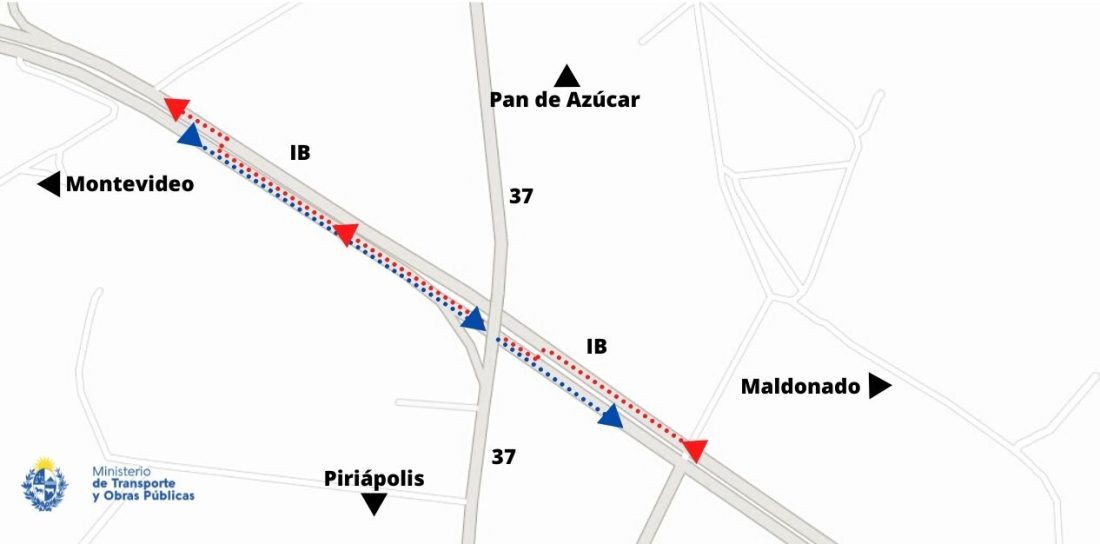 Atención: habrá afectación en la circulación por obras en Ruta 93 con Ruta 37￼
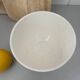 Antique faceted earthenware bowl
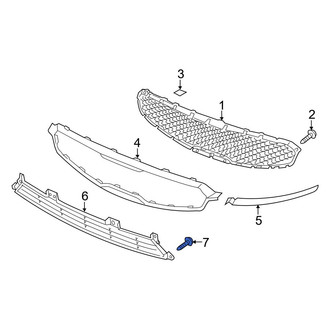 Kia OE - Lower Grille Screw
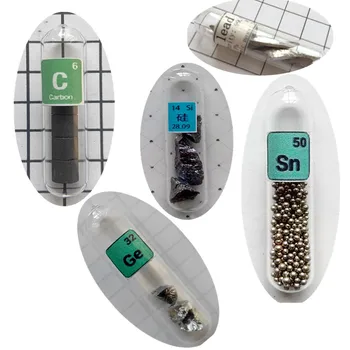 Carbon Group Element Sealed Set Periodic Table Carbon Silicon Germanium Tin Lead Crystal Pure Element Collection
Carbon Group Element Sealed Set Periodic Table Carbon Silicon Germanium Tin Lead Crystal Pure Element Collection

------------------------------------------------------------------------

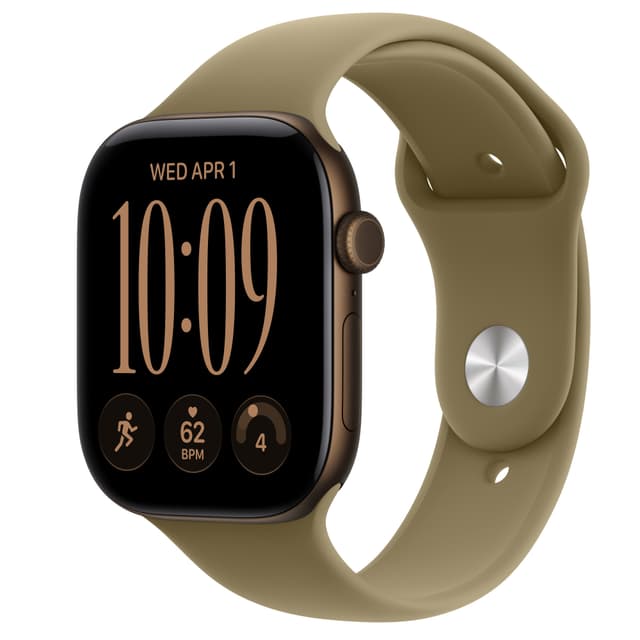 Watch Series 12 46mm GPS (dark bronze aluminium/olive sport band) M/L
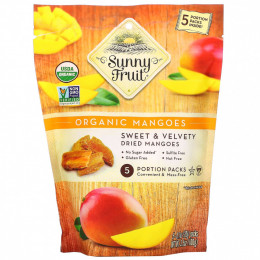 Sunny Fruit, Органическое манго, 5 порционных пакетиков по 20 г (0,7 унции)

------------------------------------------------------------------------

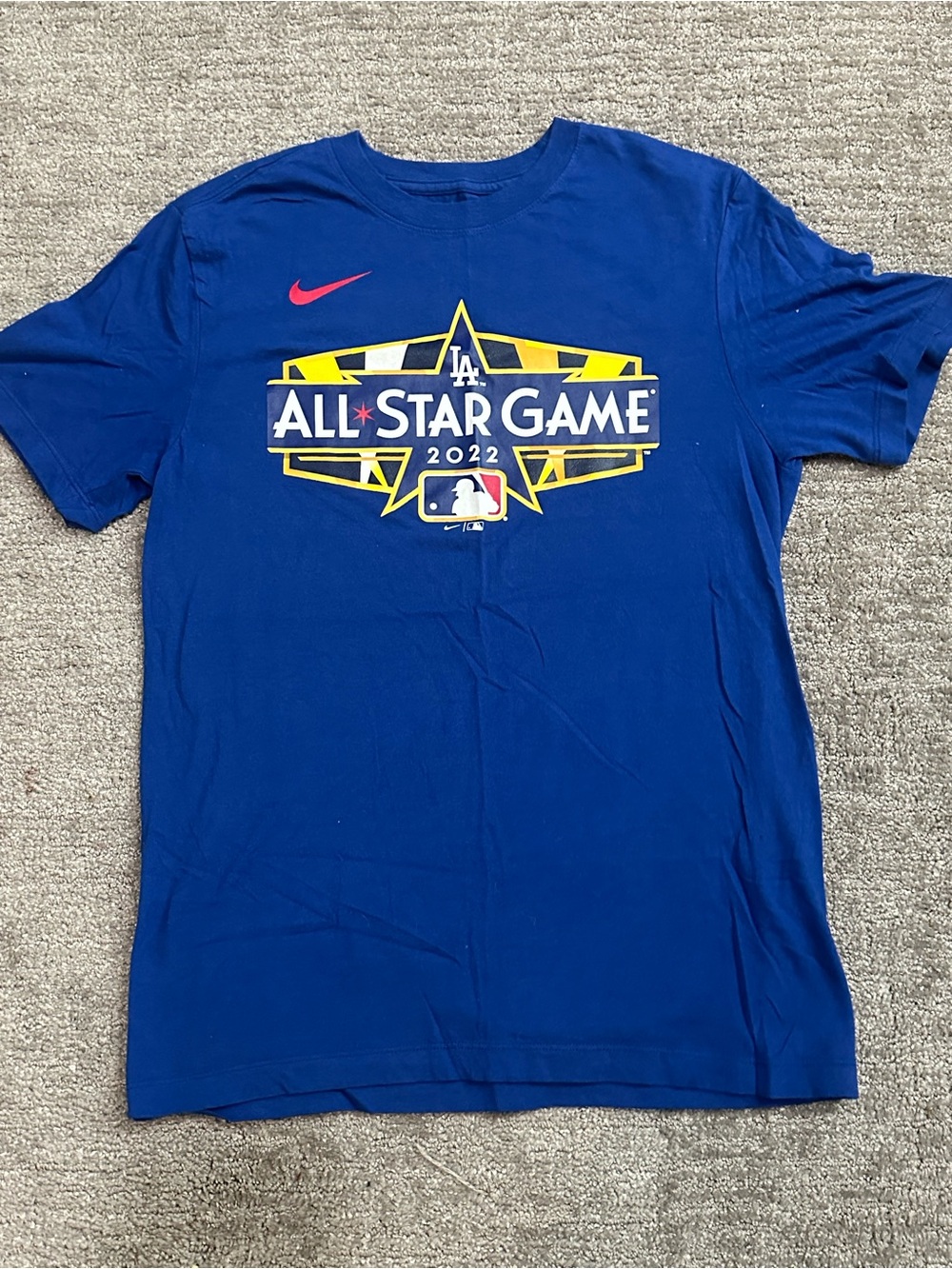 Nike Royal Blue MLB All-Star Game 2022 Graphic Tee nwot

------------------------------------------------------------------------

Problem statement =
From the records above, extract the lines from the one holding "Watch Series 12" through the one holding "Sunny Fruit, Органическое", word for word; omit the pictures.

Solution to the exercise =
 Watch Series 12 46mm GPS (dark bronze aluminium/olive sport band) M/L
 Sunny Fruit, Органическое манго, 5 порционных пакетиков по 20 г (0,7 унции)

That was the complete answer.